**Exercise description**: Could you set down the lines below, from the one containing "Vente-unique Muurkast Badkamer-Badkamer" through the final line, exactly as written?

**Stored data**:
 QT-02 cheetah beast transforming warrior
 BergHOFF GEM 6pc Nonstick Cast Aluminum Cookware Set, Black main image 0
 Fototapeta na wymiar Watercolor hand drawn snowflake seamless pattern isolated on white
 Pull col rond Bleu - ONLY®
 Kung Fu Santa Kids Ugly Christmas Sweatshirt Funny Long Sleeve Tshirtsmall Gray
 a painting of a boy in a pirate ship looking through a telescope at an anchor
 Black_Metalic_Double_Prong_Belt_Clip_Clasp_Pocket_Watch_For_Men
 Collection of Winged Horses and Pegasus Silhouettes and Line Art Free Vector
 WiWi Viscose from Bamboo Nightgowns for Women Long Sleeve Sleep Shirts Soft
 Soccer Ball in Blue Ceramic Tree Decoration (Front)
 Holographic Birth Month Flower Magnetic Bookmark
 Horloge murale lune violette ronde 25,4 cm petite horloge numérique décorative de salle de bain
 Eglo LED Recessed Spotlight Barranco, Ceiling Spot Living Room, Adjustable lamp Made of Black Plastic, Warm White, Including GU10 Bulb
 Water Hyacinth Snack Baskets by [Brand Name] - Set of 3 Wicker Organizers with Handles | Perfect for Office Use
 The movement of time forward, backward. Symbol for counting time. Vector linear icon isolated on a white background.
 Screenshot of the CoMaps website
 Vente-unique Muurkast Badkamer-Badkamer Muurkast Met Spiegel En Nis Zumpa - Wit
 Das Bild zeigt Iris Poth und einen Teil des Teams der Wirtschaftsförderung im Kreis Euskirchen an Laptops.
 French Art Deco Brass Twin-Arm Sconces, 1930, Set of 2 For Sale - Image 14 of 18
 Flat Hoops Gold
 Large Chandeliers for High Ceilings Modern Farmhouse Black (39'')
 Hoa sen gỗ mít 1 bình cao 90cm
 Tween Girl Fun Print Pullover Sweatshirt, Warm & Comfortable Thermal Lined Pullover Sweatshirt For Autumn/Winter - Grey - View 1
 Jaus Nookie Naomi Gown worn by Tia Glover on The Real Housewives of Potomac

**Answer for this exercise**:
 Vente-unique Muurkast Badkamer-Badkamer Muurkast Met Spiegel En Nis Zumpa - Wit
 Das Bild zeigt Iris Poth und einen Teil des Teams der Wirtschaftsförderung im Kreis Euskirchen an Laptops.
 French Art Deco Brass Twin-Arm Sconces, 1930, Set of 2 For Sale - Image 14 of 18
 Flat Hoops Gold
 Large Chandeliers for High Ceilings Modern Farmhouse Black (39'')
 Hoa sen gỗ mít 1 bình cao 90cm
 Tween Girl Fun Print Pullover Sweatshirt, Warm & Comfortable Thermal Lined Pullover Sweatshirt For Autumn/Winter - Grey - View 1
 Jaus Nookie Naomi Gown worn by Tia Glover on The Real Housewives of Potomac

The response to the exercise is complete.